Judith Samuelson, who succeeded Mr. Miller as director of the PRI office in New York and now is Executive Director of the Business and Society program of the Aspen Institute, spoke to his mastery of Country Western lyrics and his ability to embed them in Trustee reports “to great effect”.
 
That ability, and whimsical approach, was recalled by Barron Tenny in a story of one particular meeting of the Board of Trustees. 
 
He recalled in an email message that as “Tom was at the table about to make a PRI presentation he began by saying that prior to the meeting Frank Thomas (then the president of the Foundation) had admonished all the presenters not to read their remarks. He then took the script he was holding and dramatically ripped it up.
 
“After a few seconds elapsed, he pulled out another version of the script from his inside jacket pocket and said something along the lines of, if you think I would make this presentation without the security of having a written script you’re crazy. Laughter and applause followed.” 
 
Mr. Miller started work at Ford in 1983 in the PRI office after having been president of the Kentucky Highlands Investment Corporation (KHIC). He became director of the office in 1987. 
 
He went to the East Africa office in 1992, became the assistant representative there in 1993 and left the Foundation in 1997. An indication of his commitment was provided by Ghebre Mehreteab, who worked at Ford in the Urban Poverty program in the 1980s and once visited Mr. Miller in Nairobi. “He told me,” he said, “I want to be demoted from a program officer in charge to program officer so I can do real work.” 
 
His early work on “innovative PRI investments put some of these global innovators in microfinance and credit as a catalyst for private investment on the map and made it safe for others to follow,” said Judith Samuelson.
 
She said that while he was one of many who supported such work, “he had a keen eye for what our role could be in building these institutions without losing perspective on the limits of investment capital and the very real risks involved. Tom would challenge orthodoxy about economics while respecting the power of markets to create wealth and opportunity for people the Ford Foundation hoped to help.
 
“He lived life to the fullest,” she said, “and had a rare mix of compassion and intellect, optimism and pragmatism.”
 
His background as a certified public accountant and earlier work with KHIC provided the knowledge and experience instrumental for his work in East Africa and South Asia. 
 
“He came up with the idea of investing KHIC’s federal grants in local businesses rather than spending them on programs,” said Kerwin Tesdell, a former PRI program officer at the Foundation and now president of the Community Development Venture Capital Alliance. 
 
“KHIC has served as a model for impact investment funds throughout the nation and around the world,” Tesdell said.
 
In recent years Mr.
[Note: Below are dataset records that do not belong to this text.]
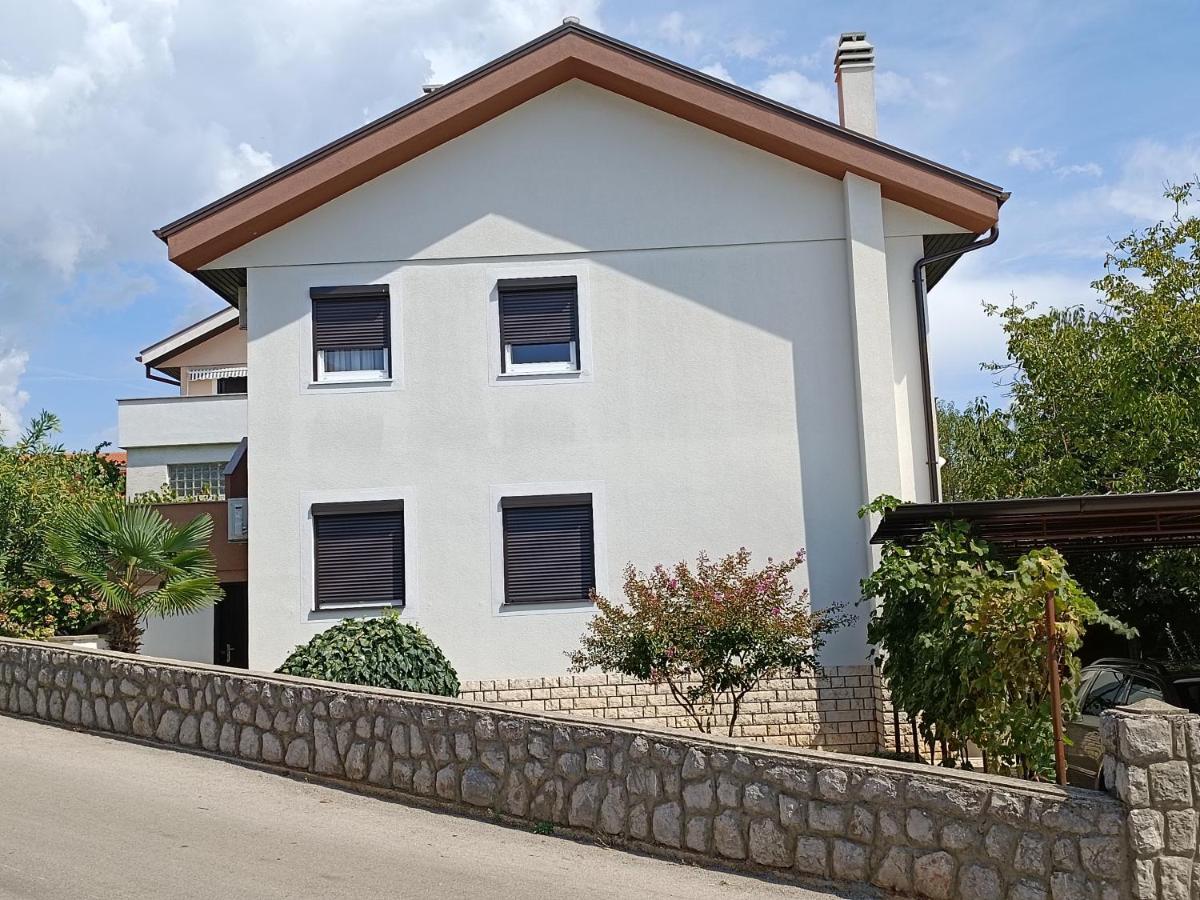 Apartments Mira Krk Кърк Екстериор снимка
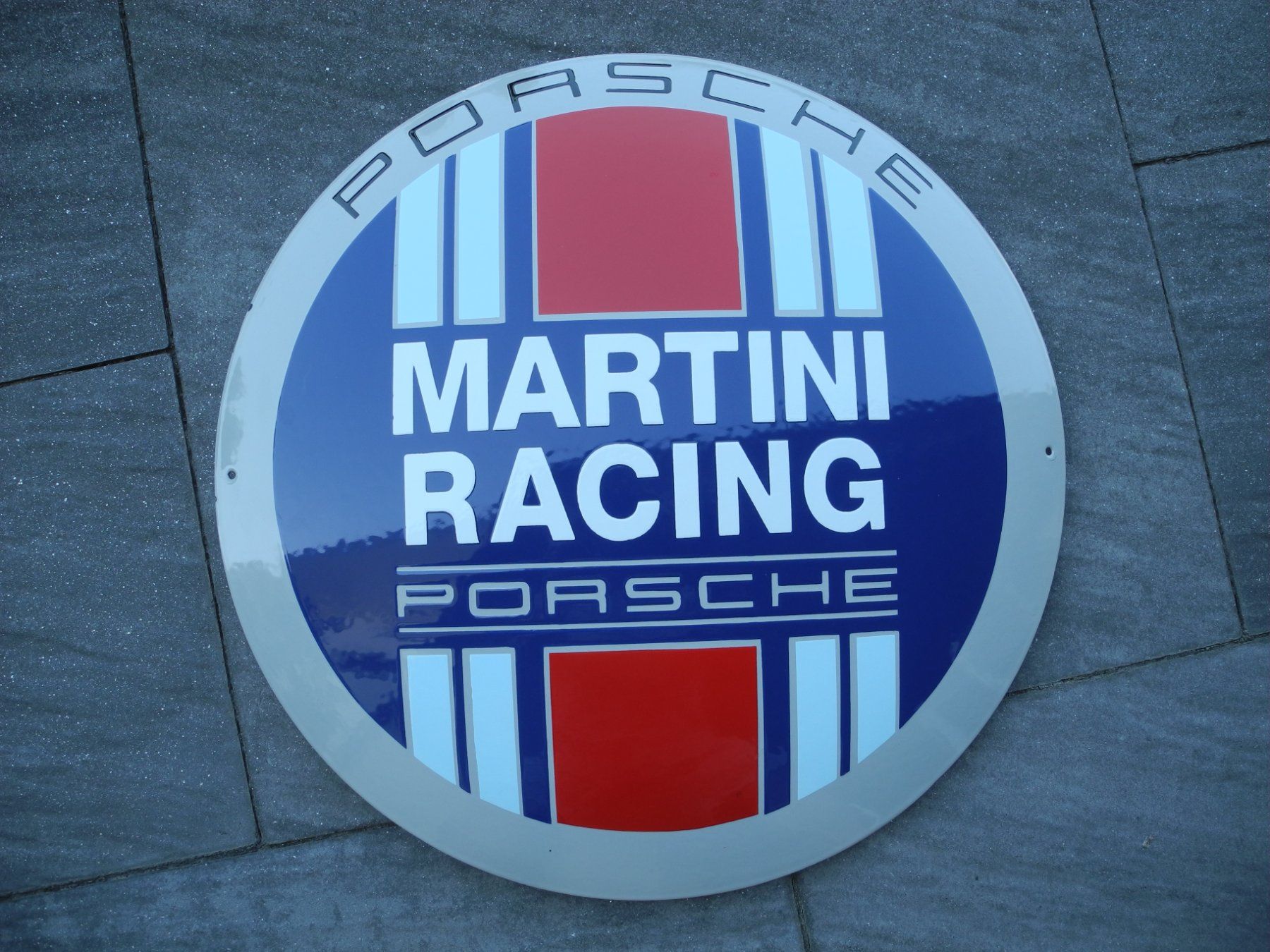 Porsche Schilder: GROSSE PORSCHE-MARTINI EMAILSCHILD – Neu (gemäss Beschreibung) aus Reinach AG von Huckleberrysix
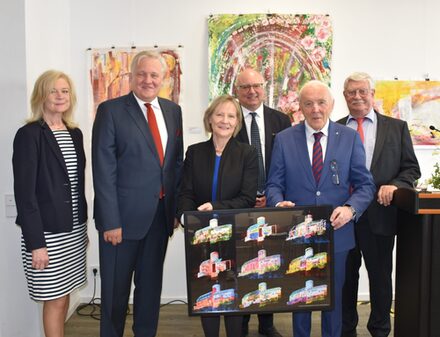 In Heimbach wurde der Abschied des Leiters der Internationalen Kunstakademie Heimbach, Prof. Dr. Frank Günter Zehnder (2.v.r.), gebührend gefeiert. Margareta Ritter (Bürgermeisterin der Stadt Monschau), Landrat Wolfgang Spelthahn, Jochen Weiler (Bürgermeister der Stadt Heimbach) und Hermann J. Weingartz (Vorsitzender des Fördervereins der Internationalen Kunstakademie Heimbach) dankten Prof. Dr. Zehnder und seiner Ehefrau (Mitte).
Miller turned the insights gained during his multi-faceted career into a new venture, writing, and earned a master of fine arts degree in writing from Eastern Kentucky University in 2015 while he continued to work on a novel he had begun years before. 
 
Then, just weeks before his death, he learned that he had been chosen one of ten finalists for PEN America’s Bellwether Prize, created and funded by the novelist Barbara Kingsolver and given every two years for an “unpublished novel of high literary caliber that promotes fiction that addresses issues of social justice and the impact of culture and politics on human relationships”.
 
He did not win the award, which was announced after his death. But being chosen to compete confirmed his efforts. “I am not expecting to win,” he said when notified of his selection as a finalist, “but consider this to be validation of the sixteen years of work I have put in, including going to back to school…and learn something about writing. It looks like I did”.
 
The novel, Nightrunner, and a sequel he was working on, are set in East Africa. He described them as focusing on “the lives of ordinary people and how they cope with the many injustices they face in daily life. Parallels are drawn to similar challenges faced by the people of Appalachian Kentucky. They are also a love story between two people different in every way—race, economic class, education level and age”.